Area residents are less than enthusiastic

In a July 25 email to Village Planning and District 4 leadership, Ed Hermes, president of the Carnation Association of Neighbors (CAN), asked that they oppose and vote “no” on the application, because it would eliminate important protections and benefits for the public that were required for approval in 2019.

“In 2019, when the developer approached us about this development, CAN supported the development in large part because of these stipulations. These proposed modification to the stipulations would walk back all of those promises made to the neighborhood and do so without any meaningful public outreach.”

Hermes lamented that the only contact that had been made since the project’s approval was a letter he received July 25, and that the developer wants to “completely change the development for the worse and walk away from the increased walkability, access to public spaces, and connectivity that we were promised in 2019.”

He added, “For such a significant development and such a significant and deleterious proposed modification, it is reasonable to expect that the developer will engage with our community to, at a minimum, have a meeting to explain these proposed modifications to the stipulations that were promised in 2019.”

August meetings provide opportunity to learn more, air concerns

Two public meetings are on the calendar that will allow the developer to present their modification requests, the Encanto Village Planning Committee (VPC) to weigh in and for area residents to make their voices heard.

Some residents expressed concerns that the modifications to this project are substantial, feeling that it should be required to go through additional approval processes, “since this is essentially a completely different project,” as another Carnation neighborhood resident put it.
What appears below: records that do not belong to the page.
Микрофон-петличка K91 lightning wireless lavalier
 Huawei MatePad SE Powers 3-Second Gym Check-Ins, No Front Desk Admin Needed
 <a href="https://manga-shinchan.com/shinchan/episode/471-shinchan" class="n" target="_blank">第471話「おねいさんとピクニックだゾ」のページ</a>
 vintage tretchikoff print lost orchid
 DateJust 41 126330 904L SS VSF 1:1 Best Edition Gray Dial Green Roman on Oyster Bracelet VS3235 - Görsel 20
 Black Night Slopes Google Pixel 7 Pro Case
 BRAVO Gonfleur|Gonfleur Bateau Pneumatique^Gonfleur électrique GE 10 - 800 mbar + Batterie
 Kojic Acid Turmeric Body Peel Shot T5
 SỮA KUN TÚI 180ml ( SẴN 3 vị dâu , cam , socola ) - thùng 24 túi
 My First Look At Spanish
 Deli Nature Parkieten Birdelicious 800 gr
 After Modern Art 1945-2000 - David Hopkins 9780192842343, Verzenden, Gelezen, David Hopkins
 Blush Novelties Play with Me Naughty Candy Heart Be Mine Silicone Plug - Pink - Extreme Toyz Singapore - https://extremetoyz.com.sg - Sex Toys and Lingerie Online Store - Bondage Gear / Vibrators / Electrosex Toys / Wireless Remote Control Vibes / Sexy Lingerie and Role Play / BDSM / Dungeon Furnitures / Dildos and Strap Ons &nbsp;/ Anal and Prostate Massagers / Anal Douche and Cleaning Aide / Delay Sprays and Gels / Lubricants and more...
A Planning & Development Department spokesperson explained that the underlying project zoning (Walkable Urban Code: WU Code T6:HWR UT, which is a height waiver district in the Transit Uptown Character Area and allows for high rise, high intensity buildings) is not being considered as part of the PHO request. They added that the VPC will, however, evaluate the proposed modifications and can offer its own modifications or additions to those stipulations. After the VPC reviews the request, the planning hearing officer will address overall project changes if they affect the original stipulations. The officer will then incorporate their recommendations into the final recommendation that will go to Council, who will have the ultimate say on any stipulation modifications.

The Encanto VPC will hear PHO-1-23—Z-9-19-4 at 6:15 p.m., Monday, Aug. 7, in the Phoenix College Willo Conference Room, 3310 N. 10th Ave. The building is located at the northeast corner of Flower Street and 11th Avenue. Attendees should use the entrance off of Flower Street.

The stipulation modification request will be heard by the Planning Hearing Officer Wednesday, Aug. 16. The virtual meeting will begin at 10 a.m. Online registration for the PHO meeting is available.

Residents interested in attending either meeting can find additional details on the City’s Public Meeting Notices webpage.